# Changing margins “on the fly”

One of the surprises characteristic of TeX use is that you cannot change the width or height of the text within the document, simply by modifying the text size parameters; TeX can’t change the text width on the fly, and LaTeX only ever looks at text height when starting a new page.

So the simple rule is that the parameters should only be changed in the preamble of the document, i.e., before the \begin{document} statement (so before any typesetting has happened.
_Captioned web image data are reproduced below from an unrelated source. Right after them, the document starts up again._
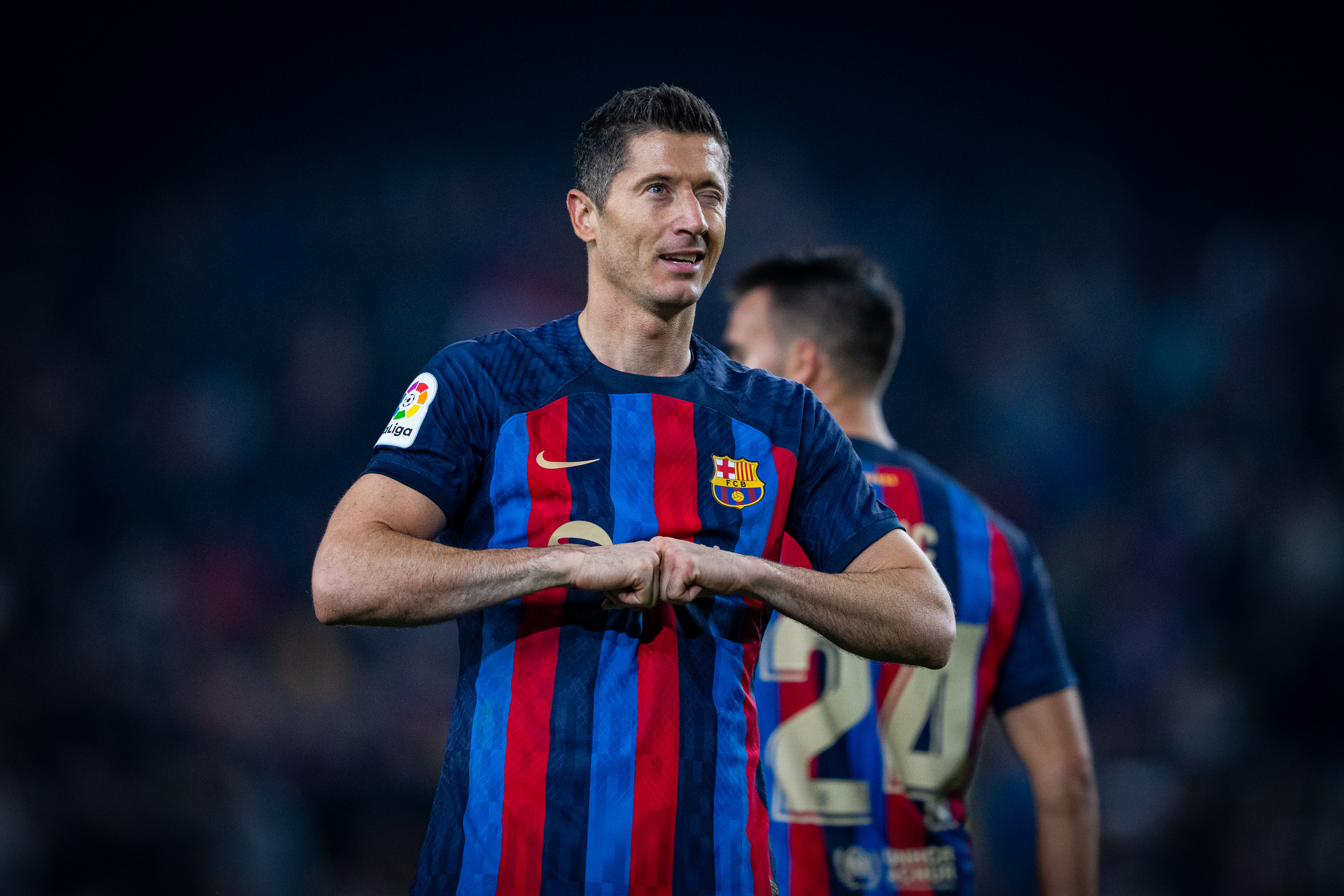 Lewandowski leads La Liga for shots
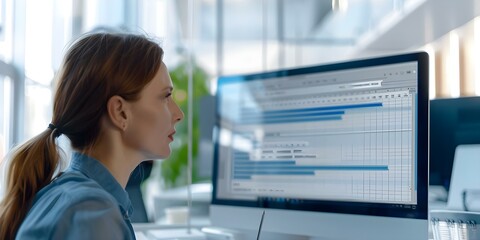 Team uses Gantt chart software to update project plans and meet deadlines. Concept Project Management, Gantt Charts, Deadline Tracking, Collaboration Tools, Task Scheduling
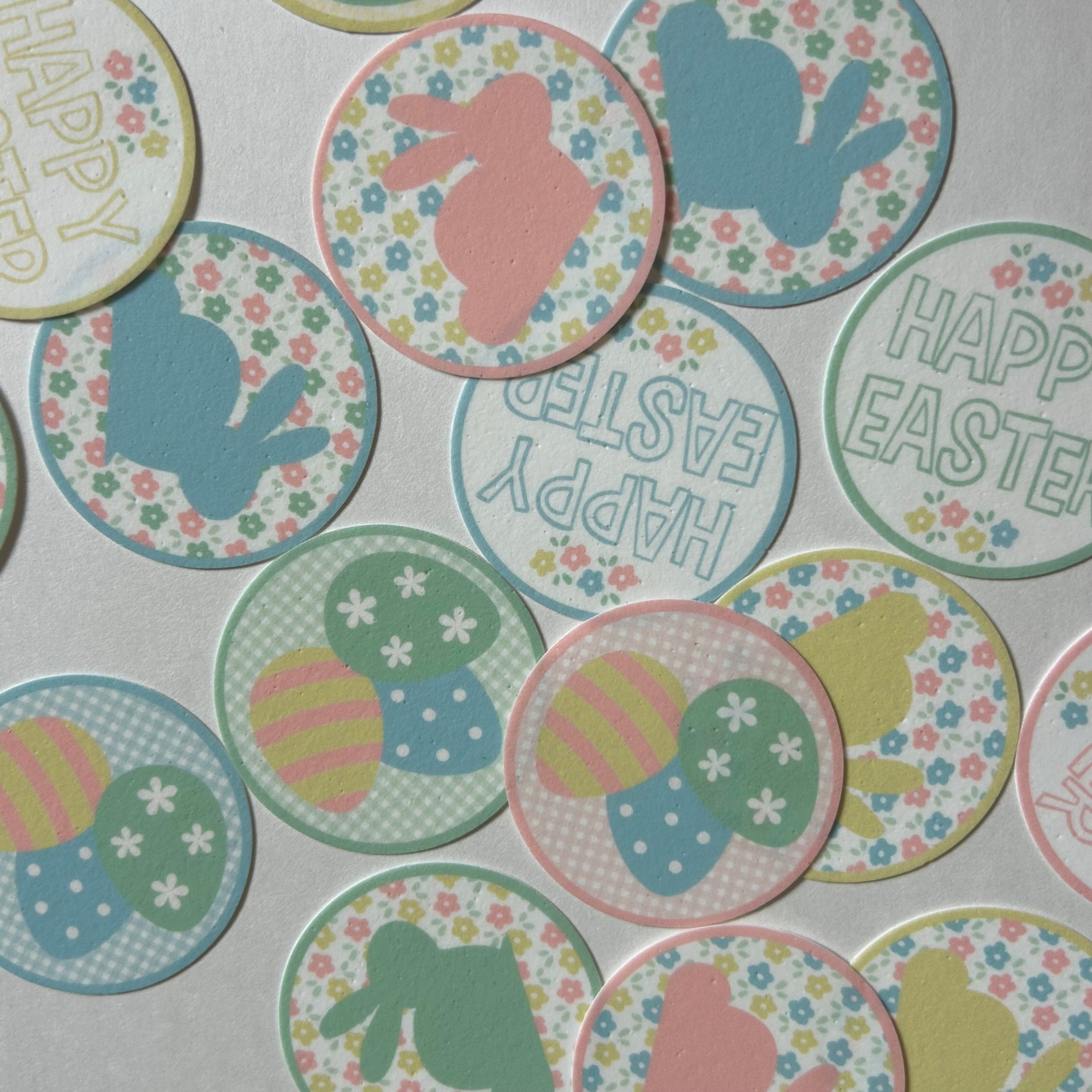 Hoppin' Easter Pre-Cut Edible Images (16 Pack, MINI Size)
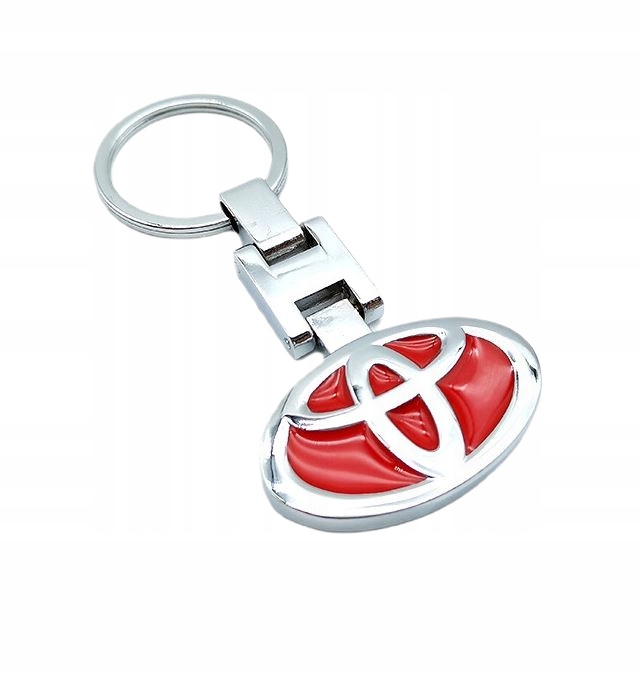 Toyota Brelok Breloczek Czerwony Metalowy Do Kluczy K-25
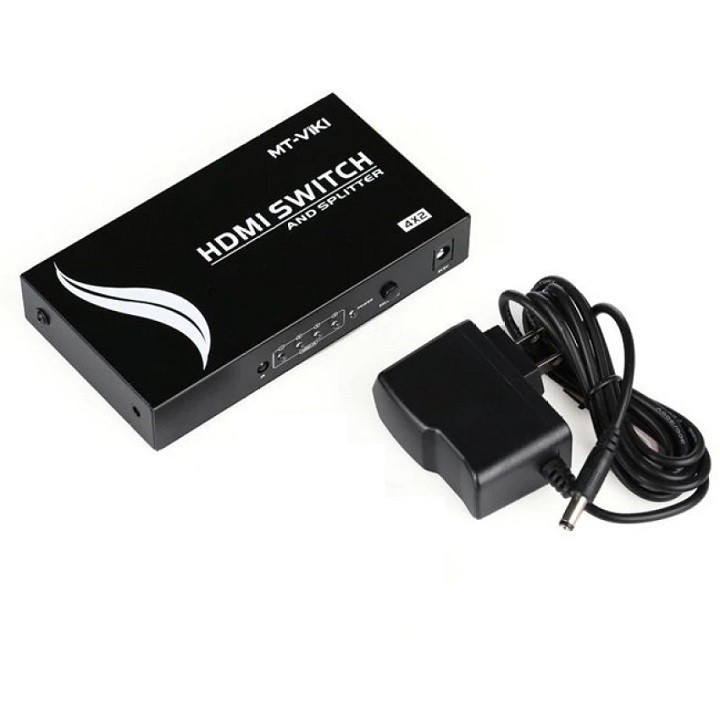 Bộ chia HDMI 4 vào 2 ra có điều khiển MT-VIKI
To adjust text width within a document we define an environment:

\newenvironment{changemargin}[2]{%
\begin{list}{}{%
\setlength{\topsep}{0pt}%
\setlength{\leftmargin}{#1}%
\setlength{\rightmargin}{#2}%
\setlength{\listparindent}{\parindent}%
\setlength{\itemindent}{\parindent}%
\setlength{\parsep}{\parskip}%
}%
\item[]}{\end{list}}

The environment takes two arguments, and will indent the left and right margins, respectively, by the parameters’ values. Negative values will cause the margins to be narrowed, so \begin{changemargin}{-1cm}{-1cm} narrows the left and right margins by 1 centimetre.

Given that TeX can’t do this, how does it work? — well, the environment (which is a close relation of the LaTeX quote environment) doesn’t change the text width as far as TeX is concerned: it merely moves text around inside the width that TeX believes in.

The changepage package provides ready-built commands to do the above; it includes provision for changing the shifts applied to your text according to whether you’re on an odd (recto) or an even (verso) page of a two-sided document. Changepage’s structure matches that of the memoir class.

The (earlier) package chngpage provides the same facilities, but it uses rather different syntax. Changepage’s structure matches that of the memoir class, and it should be used for any new work.

Changing the vertical dimensions of a page is more clumsy still: the LaTeX command \enlargethispage adjusts the size of the current page by the size of its argument. Common uses are

\enlargethispage{\baselineskip}

to make the page one line longer, or
\enlargethispage{-\baselineskip}

to make the page one line shorter. The process is (to an extent) simplified by the addlines package: its \addlines command takes as argument the number of lines to add to the page (rather than a length): the package documentation also provides a useful analysis of when the command may (or may not) be expected to work.